About this exercise — Write out the records that follow exactly. Do not include pictures.
*** Materials provided ***
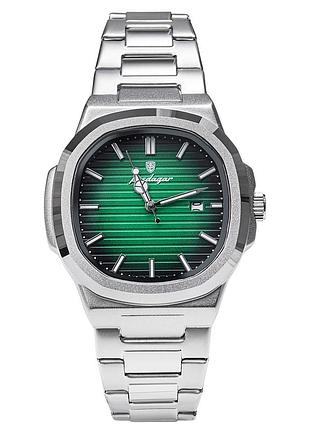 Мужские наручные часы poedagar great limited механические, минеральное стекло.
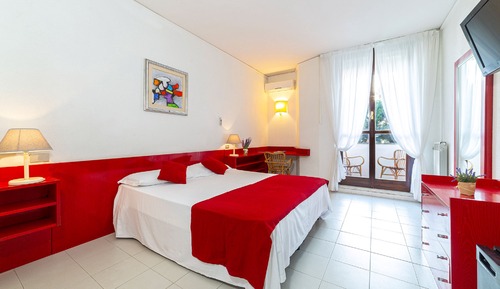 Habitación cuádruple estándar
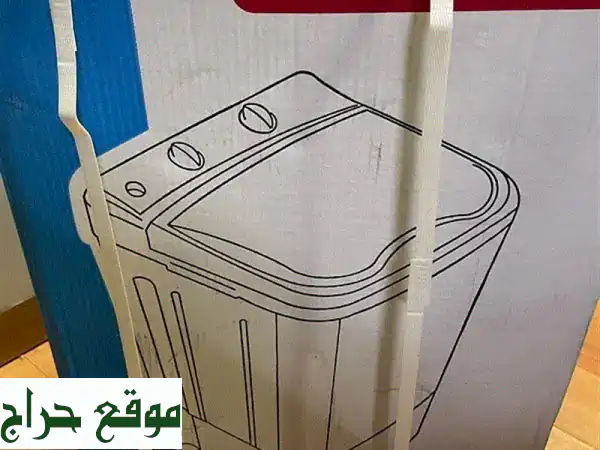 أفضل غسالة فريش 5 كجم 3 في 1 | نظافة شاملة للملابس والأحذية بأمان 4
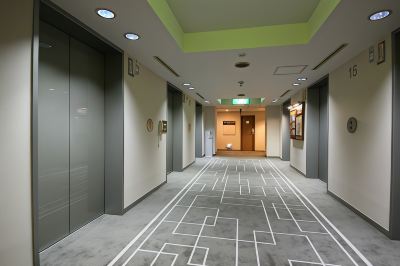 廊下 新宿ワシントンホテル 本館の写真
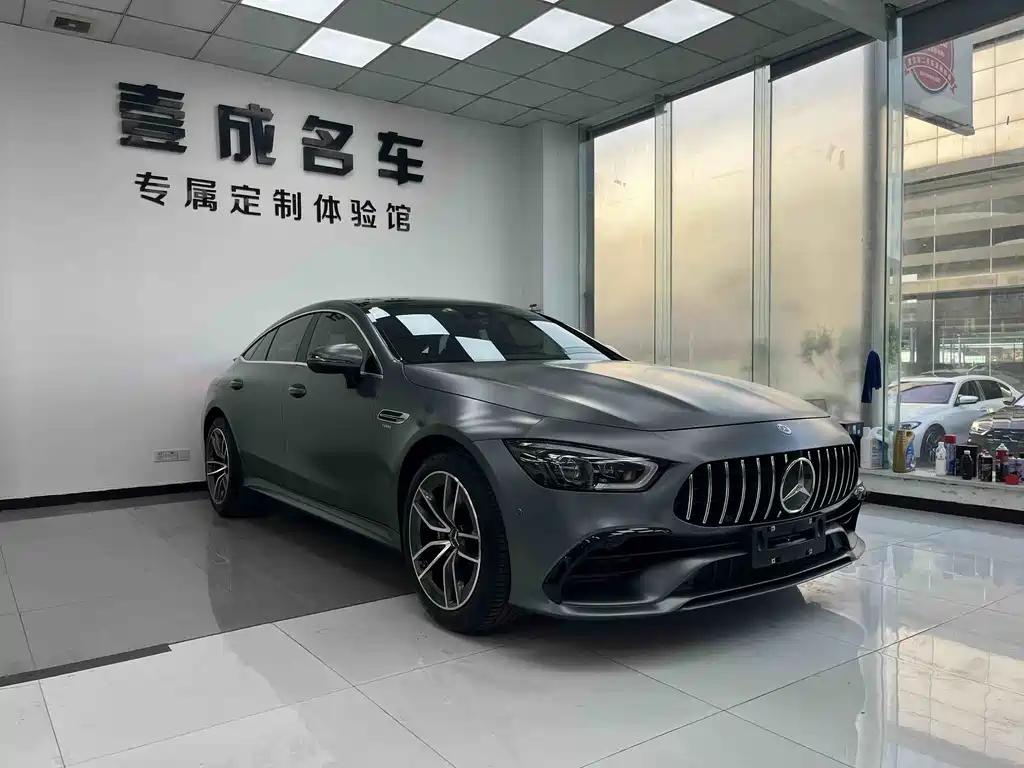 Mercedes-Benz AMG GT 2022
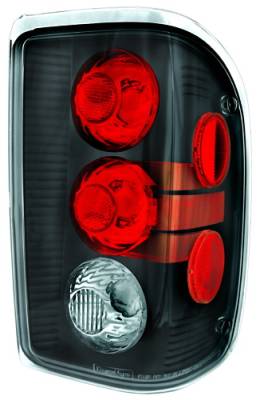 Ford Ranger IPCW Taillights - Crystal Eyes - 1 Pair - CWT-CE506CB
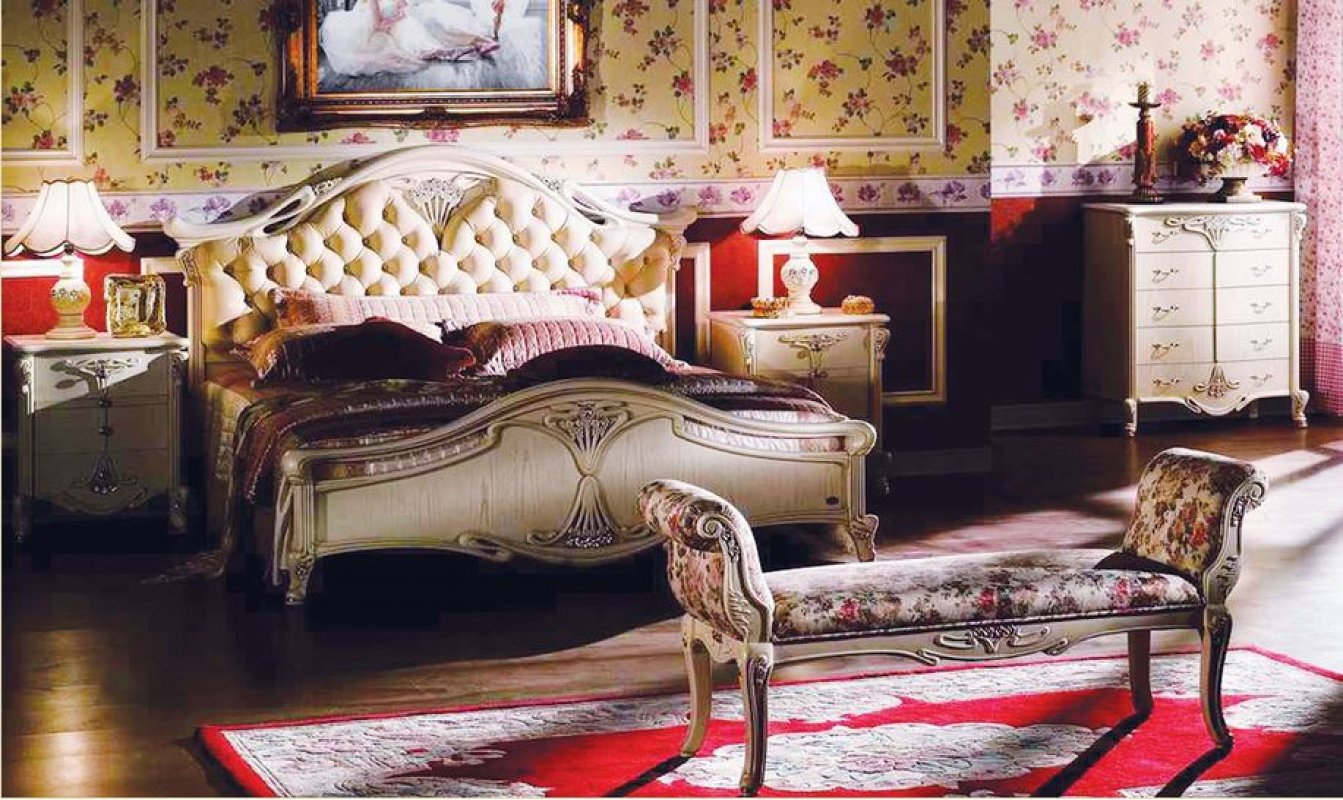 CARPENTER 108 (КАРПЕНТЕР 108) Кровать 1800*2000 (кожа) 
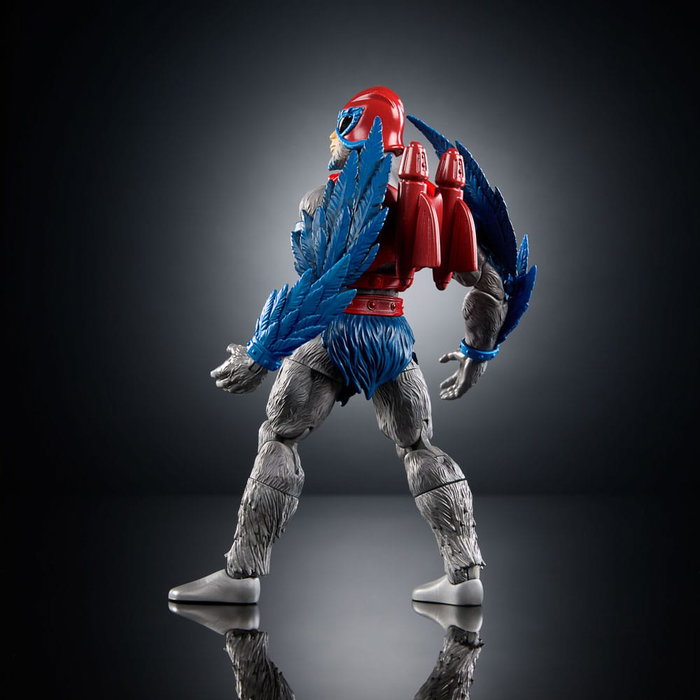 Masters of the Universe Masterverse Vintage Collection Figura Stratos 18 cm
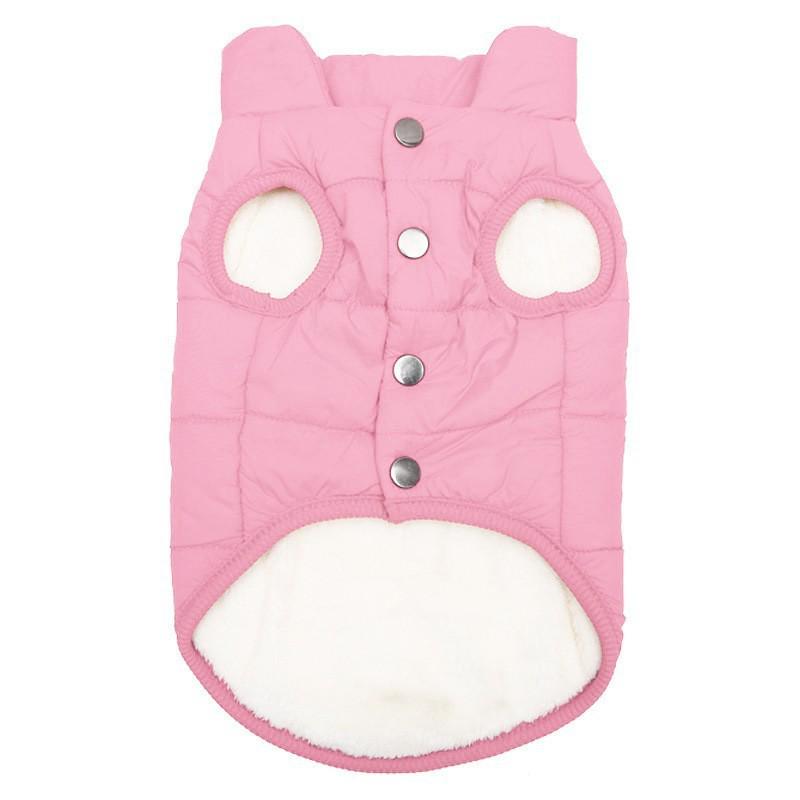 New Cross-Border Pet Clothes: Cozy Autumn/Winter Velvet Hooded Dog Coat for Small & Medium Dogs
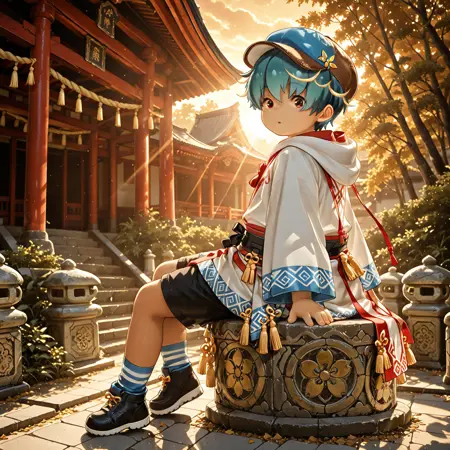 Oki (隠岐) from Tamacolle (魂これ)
*** End of Materials provided ***
Exercise solution —
 Мужские наручные часы poedagar great limited механические, минеральное стекло.
 Habitación cuádruple estándar
 أفضل غسالة فريش 5 كجم 3 في 1 | نظافة شاملة للملابس والأحذية بأمان 4
 廊下 新宿ワシントンホテル 本館の写真
 Mercedes-Benz AMG GT 2022
 Ford Ranger IPCW Taillights - Crystal Eyes - 1 Pair - CWT-CE506CB
 CARPENTER 108 (КАРПЕНТЕР 108) Кровать 1800*2000 (кожа) 
 Masters of the Universe Masterverse Vintage Collection Figura Stratos 18 cm
 New Cross-Border Pet Clothes: Cozy Autumn/Winter Velvet Hooded Dog Coat for Small & Medium Dogs
 Oki (隠岐) from Tamacolle (魂これ)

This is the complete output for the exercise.